The information was detailed in Dec. 30 story, ahead of the company’s planned public release of its application expected early in the new year.
An engineering panel convened in the wake of the Mount Polley tailings disaster in 2014 recommended dry stack tailings be utilized as best practice to reduce the risk of collapse compared to conventional water storage.
In wake of that recommendation, KGHM Ajax stated publicly it would reconsider dry tailings storage — something contained in its original plans, but later rejected due to cost and other considerations.
Contacted Wednesday, KGHM Ajax spokesman Robert Koopmans said an official would not be available to speak on the issue until Jan. 4.
According to the Sun story, Clyde Gillespie, the project’s development manager, said KGHM-Ajax has settled on a plan to reduce, but not eliminate, water in its tailings storage. It will increase the solid content in its tailings from the standard 32 per cent to 60 per cent.
In its most recent public plans, KGHM Ajax said it will locate its tailings storage facility at Goose Lake, north of the Ajax pit. It has purchased privately held land to do so.
Gillespie said the capacity would be 440-million tonnes — nearly five times the capacity of Mount Polley’s tailings storage facility.

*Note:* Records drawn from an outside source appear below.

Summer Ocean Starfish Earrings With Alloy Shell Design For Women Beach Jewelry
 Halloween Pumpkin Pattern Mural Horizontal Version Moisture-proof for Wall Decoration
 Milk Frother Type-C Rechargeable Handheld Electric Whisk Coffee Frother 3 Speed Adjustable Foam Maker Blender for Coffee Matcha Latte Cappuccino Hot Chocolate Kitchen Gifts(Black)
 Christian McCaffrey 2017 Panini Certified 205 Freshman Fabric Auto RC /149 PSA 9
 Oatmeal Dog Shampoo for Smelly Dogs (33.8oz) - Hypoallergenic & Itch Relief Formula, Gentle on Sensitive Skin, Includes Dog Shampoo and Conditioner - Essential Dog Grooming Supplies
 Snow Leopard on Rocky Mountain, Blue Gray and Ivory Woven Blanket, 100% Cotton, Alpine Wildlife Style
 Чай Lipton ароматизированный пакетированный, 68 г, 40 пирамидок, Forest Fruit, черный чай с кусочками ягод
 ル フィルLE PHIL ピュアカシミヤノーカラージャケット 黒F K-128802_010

Tailings would be stored behind a 120-metre high wall of rock and earth.
Kamloops Area Preservation Association spokesman John Schleiermacher said the plan ignores the tailings review panel recommendations.
“It’s wet tailings — wet tailings was at Mount Polley; wet tailings was at the Brazil mine dam that wiped out a town,” he said.
Schleiermacher said the proposed dam will loom over Jacko Lake and threaten the city of Kamloops downstream in the event of a collapse.
KGHM Ajax has rejected dry stack due to concerns about downstream dust, as well as questions whether dry-stack storage can handle the large scale of waste production from the mine, Gillespie said.